Shockingly, the power play stayed hot. After killing a phantom high sticking call on Jordan Kyrou, the Blues went back on the PP. Right off the faceoff, the Blues set up Vrana with a one-timer in the high slot and he slapped it home for a 3-1 lead, which held into the intermission.

Things went totally crazy in the second period. Not only were there a bunch of goals, but tempers flared.

John Klingberg made it 3-2 before the five minute mark. Then, Oskar Sundqvist tied the game just over a minute later.

The wheels really came off with the Wild taking a 4-3 lead less than a minute after that. Both those goals were the result of not clearing the puck.

Pavel Buchnevich got a fortunate goal on the power play to tie it. He tried to hit Robert Thomas on the back door, but it went off the defender’s skate and in.

Things really blew up after that. The Blues failed to clear the puck after a Binnington save and the puck came back around for a Ryan Hartman goal on the power play to make it 5-4.

However, Hartman clipped Binnington on the way through and the Blues goalie lost it. He went after him and jabbed him with the blocker. Fleury came down to fight, but the linesmen cut it all off.

Binnington got ejected, the game went to four-on-four and it was soon 6-4. The Wild got a breakaway on Thomas Greiss and it went through the five hole for the goal.

The wheels continued to roll down the highway as the Blues skidded into the third period. Minnesota caught some luck in the first three minutes as a shot from the point was tipped and fell right to a pirouetting Ryan Reaves to make it 7-4.

In the dying seconds of a Blues power play, Greiss made an awful pass up the middle to an unsuspecting Thomas. With Thomas not even knowing the pass was coming, it was cut off by Hartman who scored on the ensuing breakaway to make it 8-4 with over 11 minutes left.

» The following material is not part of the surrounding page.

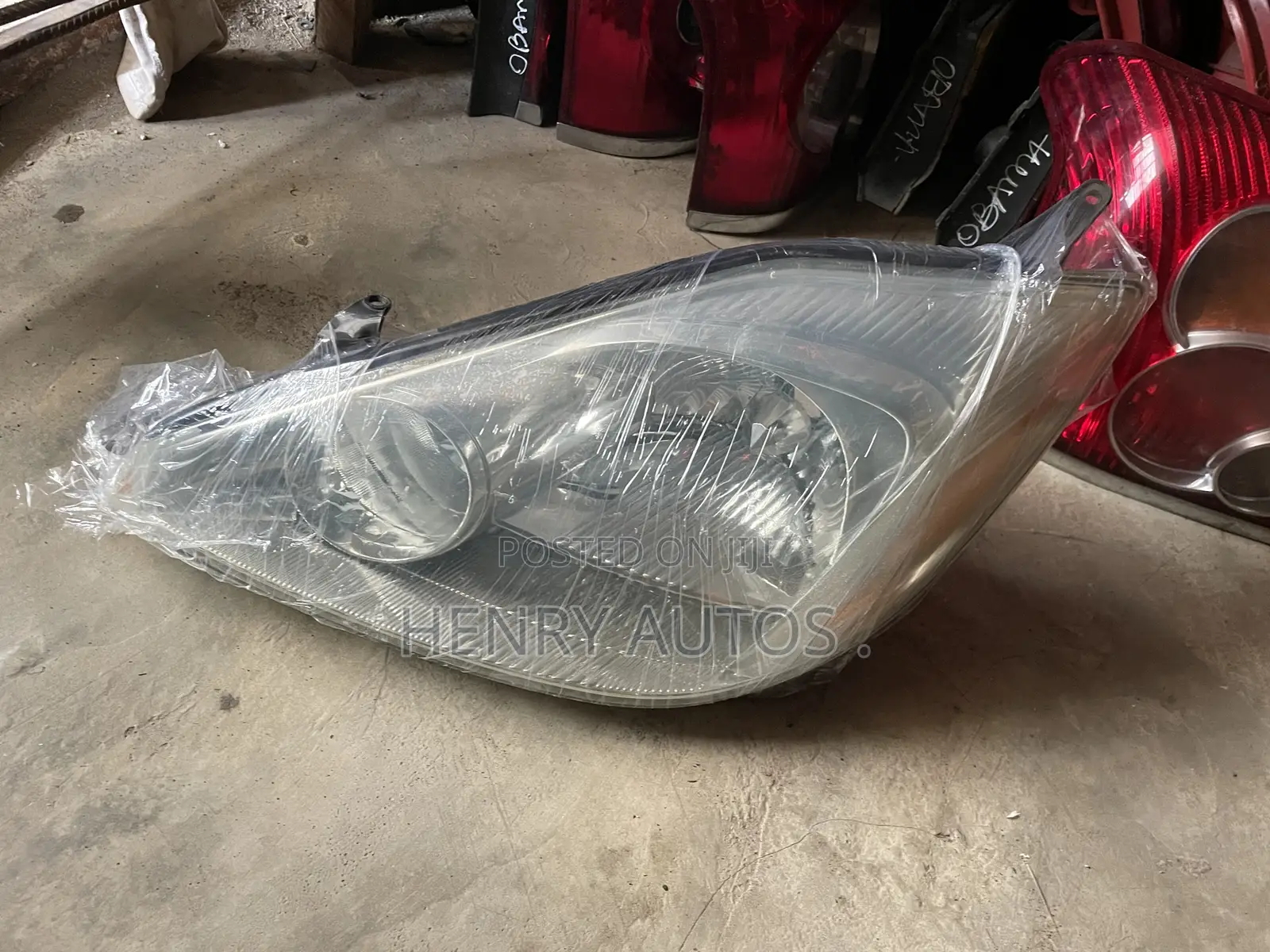 Set Headlamp Sienna 2004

The Blues got one more on the board with over five minutes left. Buchnevich picked up his hat trick as he kept with the puck and roofed it while he was drifting away from the net to push the score to 8-5.

Cons: Second period

While it was entertaining to watch overall, this was an awful period of hockey from the Blues aspect. You simply cannot allow five goals in one period.

Binnington made some saves, but couldn’t control pucks as well as you might like. The defense was actually in decent position most times, but got outmuscled on several plays, including the Sundqvist goal.

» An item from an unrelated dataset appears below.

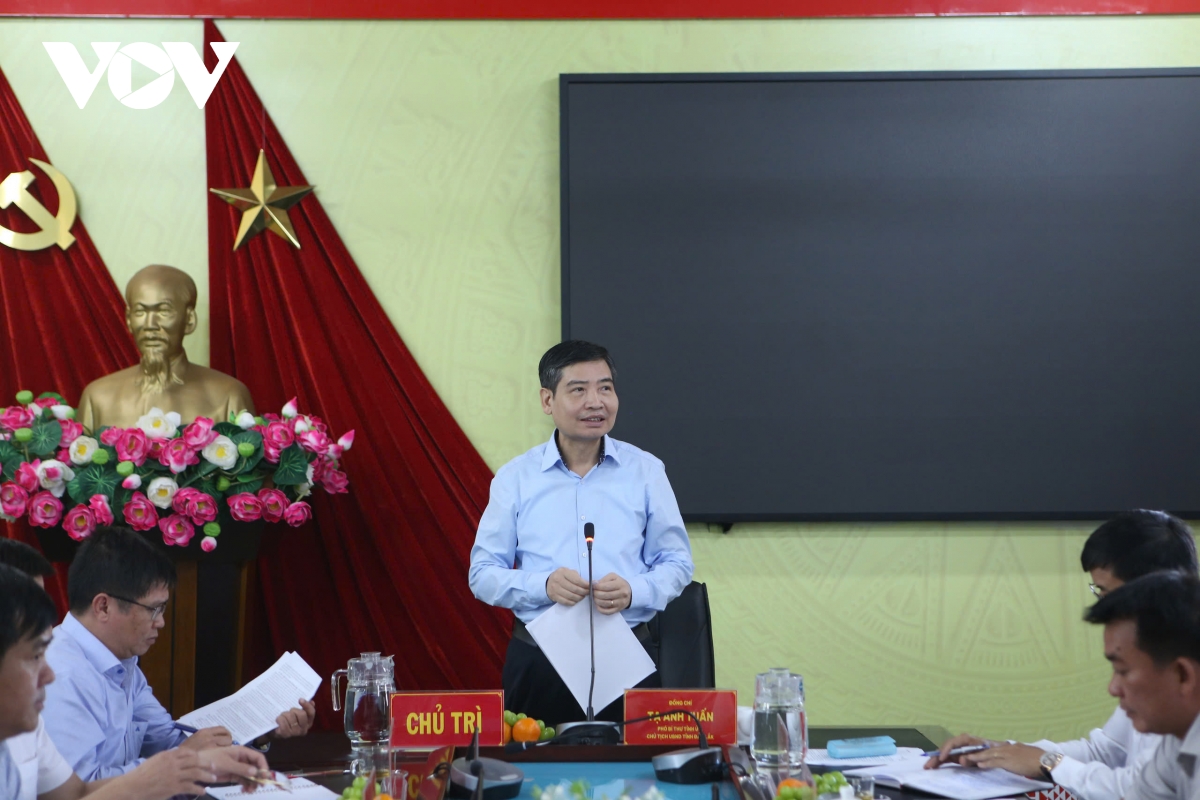 Chủ tịch UBND tỉnh Đắk Lắk kiểm tra hoạt động chính quyền cấp xã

The forwards weren’t out of position like other plays, but they were often the ones responsible for not clearing the puck. Along the same lines, Binnington was out of line with his actions.

I get it. He’s trying to fire his team up and he had already been chirping with Minnesota guys on the bench.

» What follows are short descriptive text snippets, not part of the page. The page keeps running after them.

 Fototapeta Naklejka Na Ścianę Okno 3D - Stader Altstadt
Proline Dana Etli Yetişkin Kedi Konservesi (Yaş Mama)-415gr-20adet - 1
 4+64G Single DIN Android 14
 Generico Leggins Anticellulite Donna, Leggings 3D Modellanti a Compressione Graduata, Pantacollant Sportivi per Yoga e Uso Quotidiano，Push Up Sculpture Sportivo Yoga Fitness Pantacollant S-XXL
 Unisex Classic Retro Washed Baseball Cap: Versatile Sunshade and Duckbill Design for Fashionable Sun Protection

However, when he watches the video, he’ll probably feel silly. Hartman did not go out of his way to make contact and was simply taking the same path he was already on and Binnington came into his line of progression. The Blues netminder flipped out and used a blocker to punch someone, which you have to know is going to get you kicked out.

Making matters worse was the fact the Blues had the lead going into this period. Not only was there a lead, but it was a two-goal lead and the game swung the other way to give Minnesota a two-goal advantage by the time it was over.

Pros: Power play…ish

On a normal night where you go 3-5 on the power play, it would be nothing but a great performance. The sour part was the one missed to make it 3-4 and then also the fifth one where you essentially gave up a shorthanded one.

It ended up being five-on-five as the power play had just barely elapsed. Nevertheless, the Blues could have gotten back into things there, but let the game fully slip away on that play.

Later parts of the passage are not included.